> What you will do:
Answer with one number only: the count of lines below that hold the word "Performance".

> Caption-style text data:
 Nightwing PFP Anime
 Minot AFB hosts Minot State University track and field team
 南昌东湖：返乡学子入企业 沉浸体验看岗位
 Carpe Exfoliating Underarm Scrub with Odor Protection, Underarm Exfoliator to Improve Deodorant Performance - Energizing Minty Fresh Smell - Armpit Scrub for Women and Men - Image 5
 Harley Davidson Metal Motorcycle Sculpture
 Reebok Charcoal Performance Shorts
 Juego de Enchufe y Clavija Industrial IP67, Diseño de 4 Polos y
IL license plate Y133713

> Your response:
2